From c1ca8044f40c0a6e6c9d6228c746a1fa0485caf0 Mon Sep 17 00:00:00 2001
From: Simon Heybrock <simon.heybrock@ess.eu>
Date: Thu, 6 Jun 2024 05:49:07 +0200
Subject: [PATCH] Allow compatible values in __setitem__

---
 src/cyclebane/node_values.py | 61 ++++++++++++++++++++++++++++++------
 tests/graph_test.py          | 60 ++++++++++++++++++++++++++++++++---
 2 files changed, 107 insertions(+), 14 deletions(-)

diff --git a/src/cyclebane/node_values.py b/src/cyclebane/node_values.py
index 96b534f..ffc9a4b 100644
--- a/src/cyclebane/node_values.py
+++ b/src/cyclebane/node_values.py
@@ -4,7 +4,8 @@
 
 from abc import ABC, abstractmethod
 from collections.abc import Hashable, Iterable, Iterator, Mapping, Sequence
-from typing import TYPE_CHECKING, Any, ClassVar
+from types import ModuleType
+from typing import TYPE_CHECKING, Any, ClassVar, TypeVar
 
 if TYPE_CHECKING:
     import numpy
@@ -15,6 +16,8 @@
 IndexName = Hashable
 IndexValue = Hashable
 
+T = TypeVar('T', bound='ValueArray')
+
 
 class ValueArray(ABC):
     """
@@ -45,6 +48,17 @@ def from_array_like(values: Any, *, axis_zero: int = 0) -> ValueArray:
     @abstractmethod
     def try_from(obj: Any, *, axis_zero: int = 0) -> ValueArray | None: ...
 
+    def __eq__(self, other: object) -> bool:
+        if type(self) != type(other):
+            return False
+        return self._equal(other)
+
+    def __ne__(self, other: object) -> bool:
+        return not self == other
+
+    @abstractmethod
+    def _equal(self: T, other: T) -> bool: ...
+
     @abstractmethod
     def sel(self, key: tuple[tuple[IndexName, IndexValue], ...]) -> Any:
         """Return data by selecting from index with given name and index value."""

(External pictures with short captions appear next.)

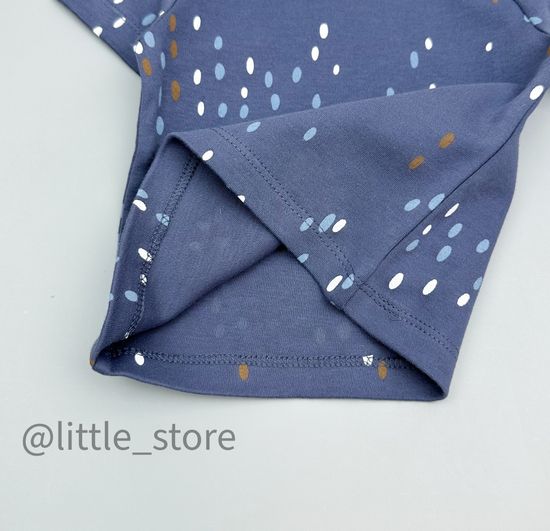 Футболка хлопковая, Цветные капельки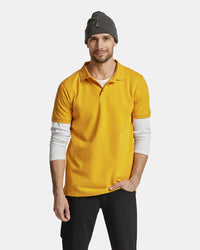 Jobman 5566 Polo-shirt - Oranje/geel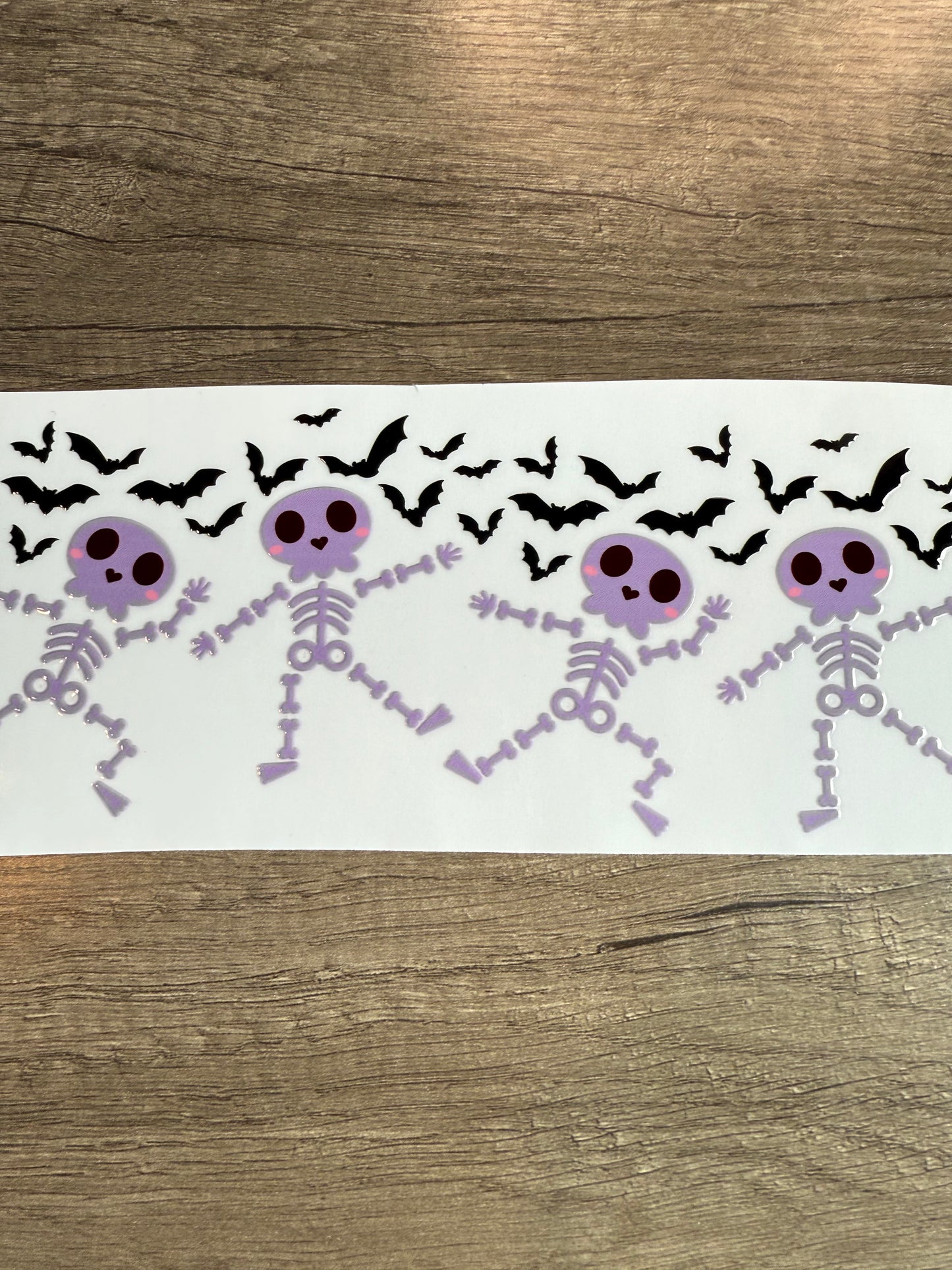 skeleton decal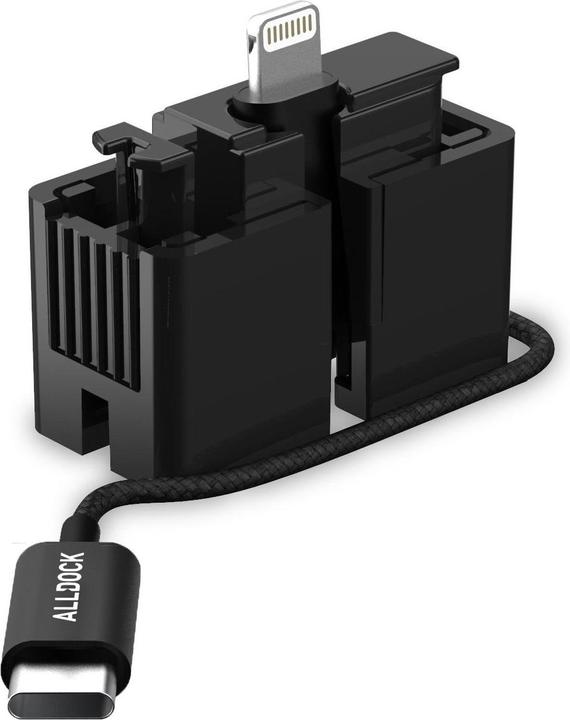 Produktbild Alldock Click (USB Typ C, Lightning)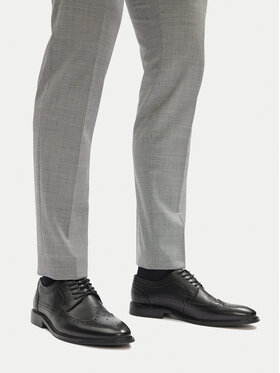 GINO ROSSI Gino Rossi Pantofi GINO-01 125AM Negru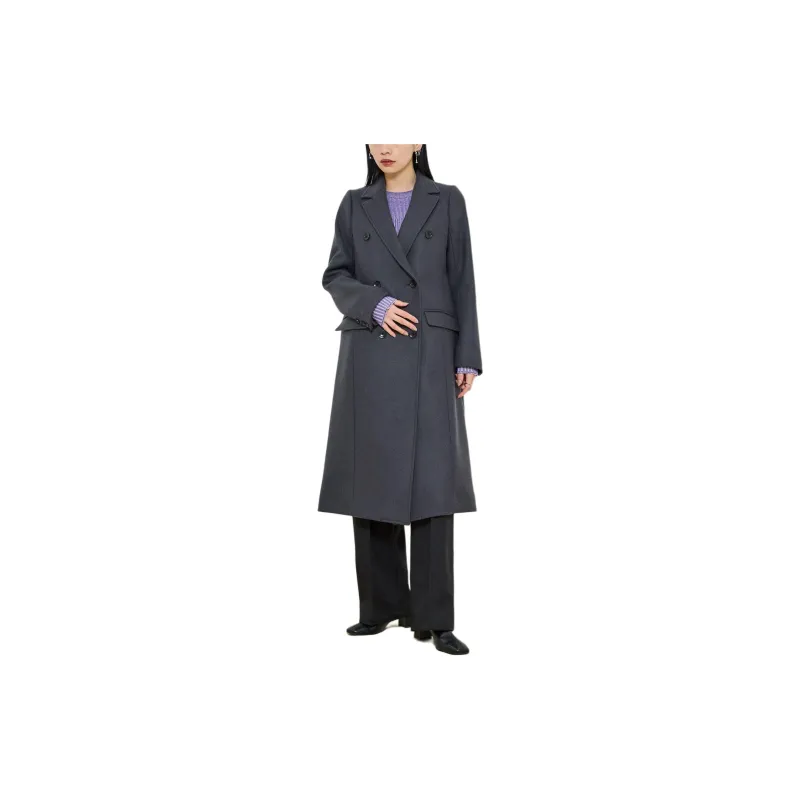 UNITED TOKYO Coats Women's Gray-1
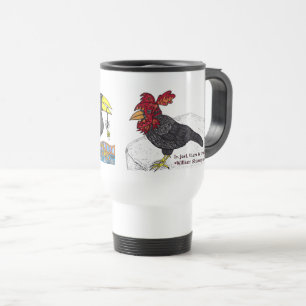 Crows Travel Mug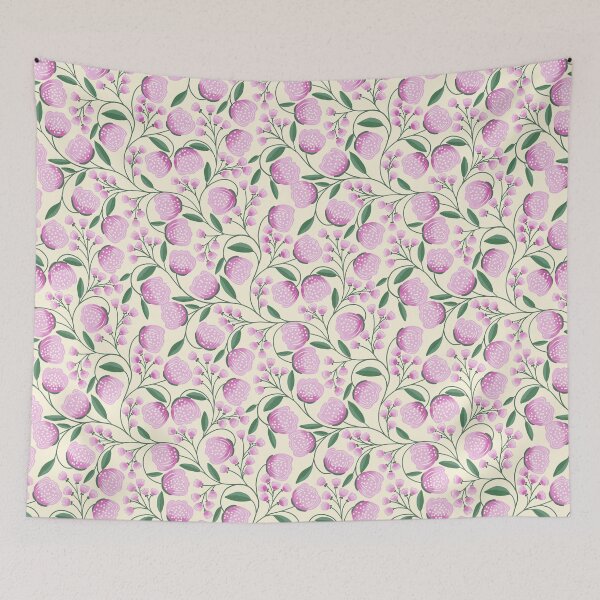 Item preview, Pretty in Pink - Ivory Background designed and sold by SheilaMcDowell Design.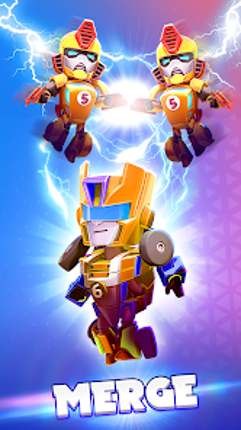 Merge Robots Universe - Tycoon screenshot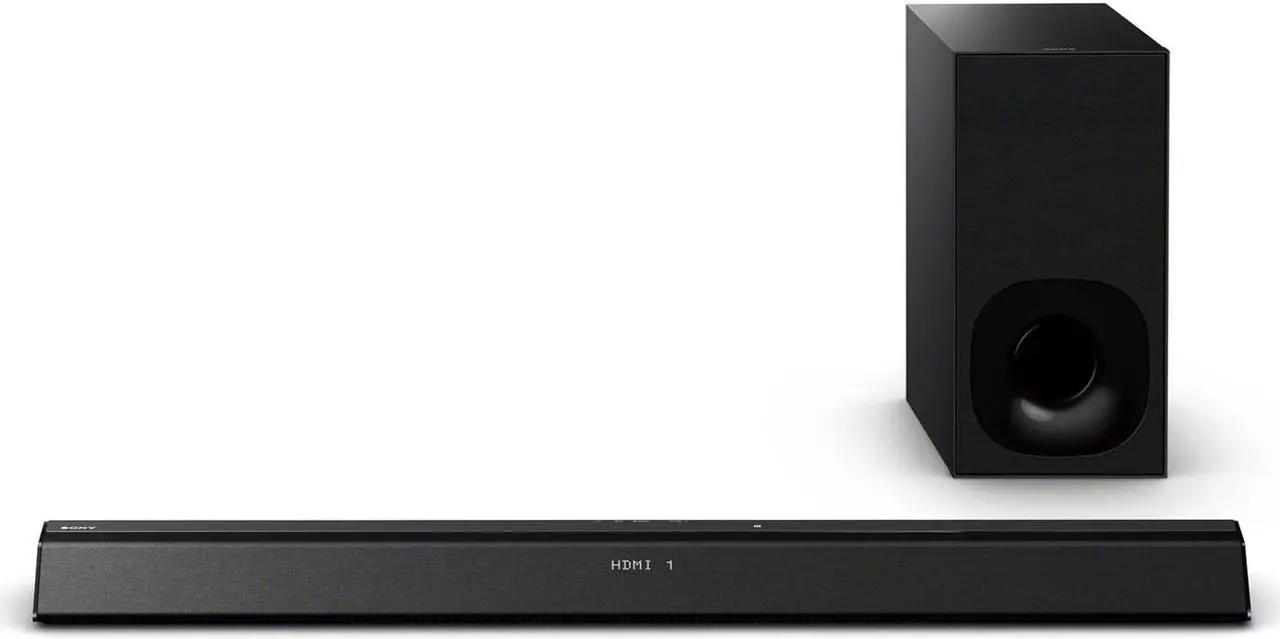 Main image of Sony HT-CT380 Powered home theater sound bar with wireless subwoofer and Bluetooth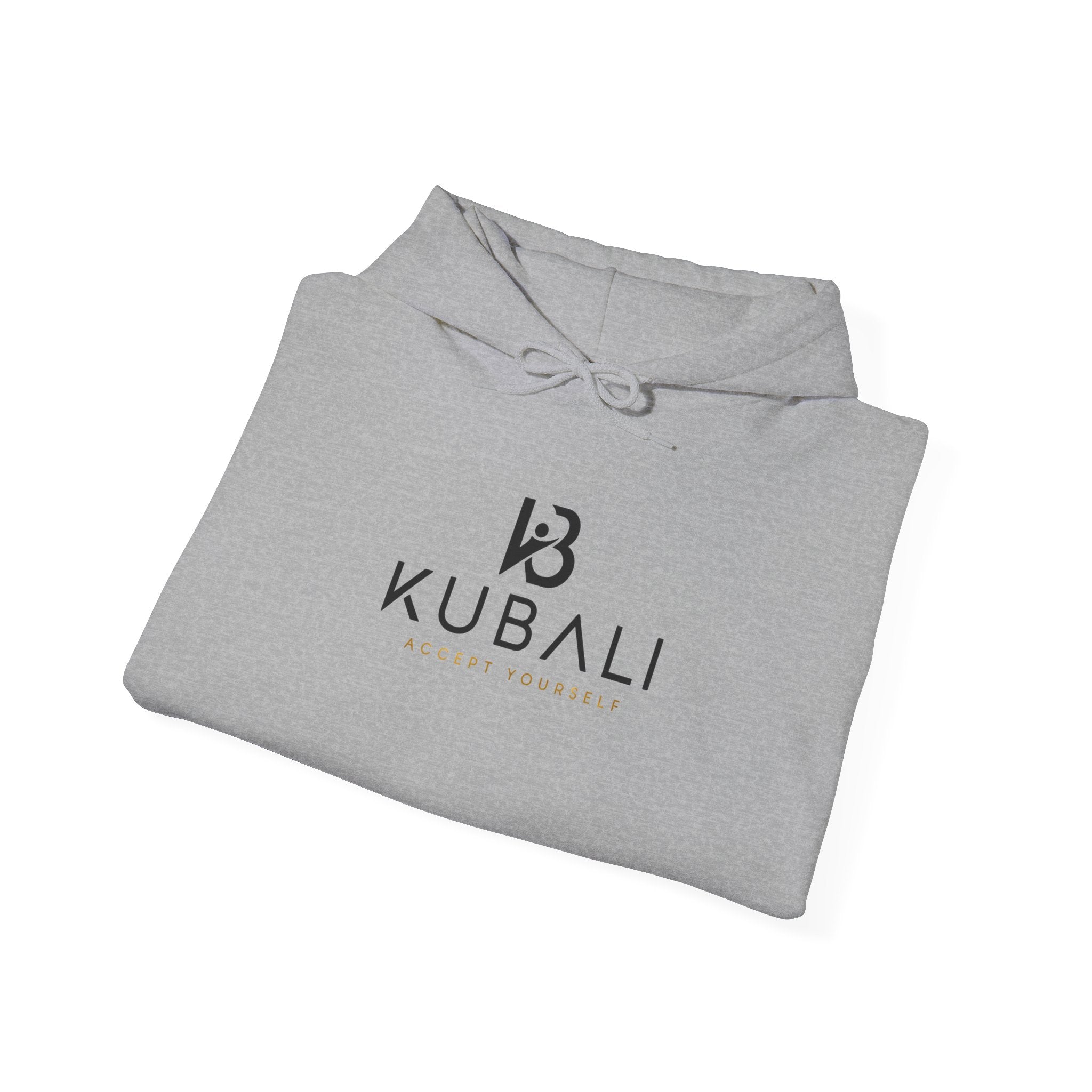 Kubali Logo Hoodie — Minimal Branded Pullover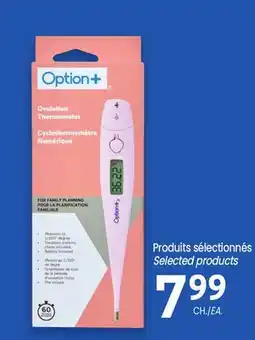 Uniprix Option+ Ovulation Thermometer offer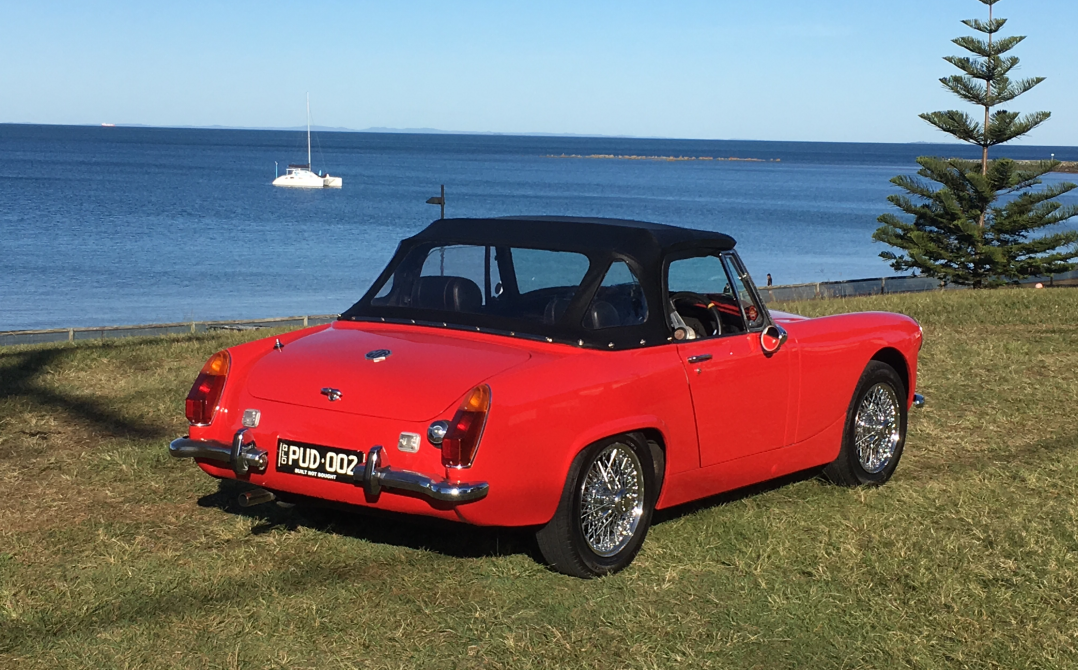 1970 MG MIDGET SPORTS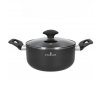 ZWIEGER CORTO Garnek 18 cm z pokrywką | aluminium | powłoka ceramiczna | indukcja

@@ -94,6 +108,13 @@ def __init__(
     def try_from(obj: Any, *, axis_zero: int = 0) -> SequenceAdapter | None:
         return SequenceAdapter(obj, axis_zero=axis_zero)
 
+    def _equal(self, other: SequenceAdapter) -> bool:
+        return (
+            self._values == other._values
+            and self._index == other._index
+            and self._axis_zero == other._axis_zero
+        )
+
     def sel(self, key: tuple[tuple[IndexName, IndexValue], ...]) -> Any:
         if len(key) != 1:
             raise ValueError('SequenceAdapter only supports single index')
@@ -133,6 +154,11 @@ def try_from(obj: Any, *, axis_zero: int = 0) -> PandasSeriesAdapter | None:
         if isinstance(obj, pandas.Series):
             return PandasSeriesAdapter(obj, axis_zero=axis_zero)
 
+    def _equal(self, other: PandasSeriesAdapter) -> bool:
+        return (
+            self._series.equals(other._series) and self._axis_zero == other._axis_zero
+        )
+
     def sel(self, key: tuple[tuple[IndexName, IndexValue], ...]) -> Any:
         if len(key) != 1:
             raise ValueError('PandasSeriesAdapter only supports single index')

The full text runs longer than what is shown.